=== Section Start ===
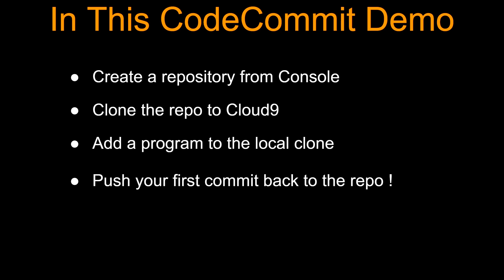Alright guys, that's how you create a repository, you clone it in your IDE of choice, make some changes and push it back to the repository master. Alright, see you guys in the next lecture.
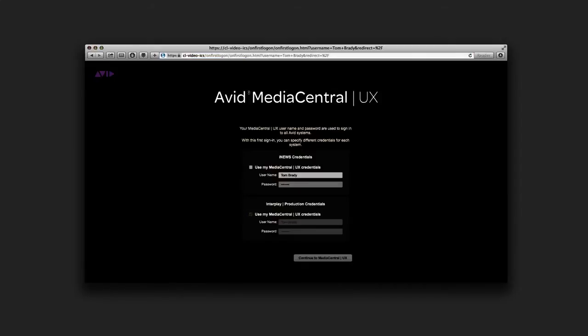Next, you're given the option to sign in to iNews or Interplay production. Supplying the credentials for those services makes it so your MediaCentral login works for any future sign-ins.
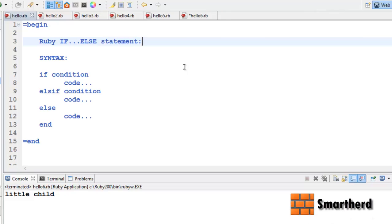Hello ladies and gentlemen, this is again Shreeks from SmartHerd. Welcome to Ruby tutorial number 9. In this tutorial I will show you about conditional statements.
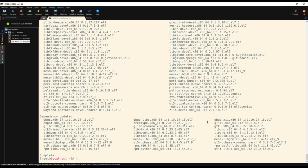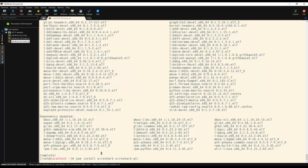Once the installation of the packages is successful — as you can see it is completed — we can install the VASAC package using the command yum install VASAC and VASAC 2. So I am going to install VASAC and VASAC 2 here.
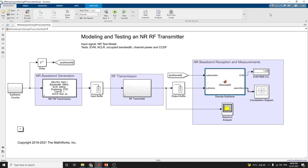Hello everyone. Today we are going to discuss modeling and testing a new radio RF transmitter using Simulink. This example shows how to model and test a new radio RF transmitter using the NR baseband generation and RF transmission block, and NR baseband reception measurements using spectrum analyzer, constellation diagram, EVM and RMS percentage.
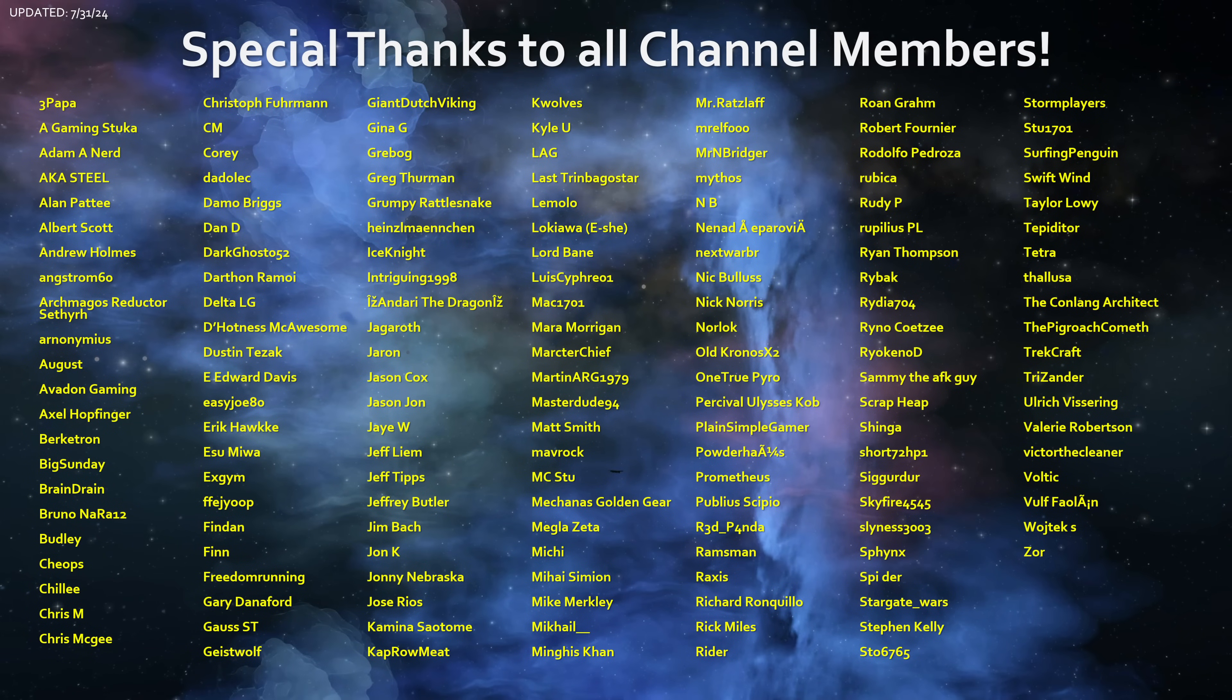And that's going to be it for today. As always, thank you to all channel members and viewers for the continued support. See you guys around.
=== Section End ===
> _PROBLEM DETAILS_
Output each line exactly as shown above; no pictures go in the copy.

> _YOUR SOLUTION_
Alright guys, that's how you create a repository, you clone it in your IDE of choice, make some changes and push it back to the repository master. Alright, see you guys in the next lecture.
Next, you're given the option to sign in to iNews or Interplay production. Supplying the credentials for those services makes it so your MediaCentral login works for any future sign-ins.
Hello ladies and gentlemen, this is again Shreeks from SmartHerd. Welcome to Ruby tutorial number 9. In this tutorial I will show you about conditional statements.
Once the installation of the packages is successful — as you can see it is completed — we can install the VASAC package using the command yum install VASAC and VASAC 2. So I am going to install VASAC and VASAC 2 here.
Hello everyone. Today we are going to discuss modeling and testing a new radio RF transmitter using Simulink. This example shows how to model and test a new radio RF transmitter using the NR baseband generation and RF transmission block, and NR baseband reception measurements using spectrum analyzer, constellation diagram, EVM and RMS percentage.
And that's going to be it for today. As always, thank you to all channel members and viewers for the continued support. See you guys around.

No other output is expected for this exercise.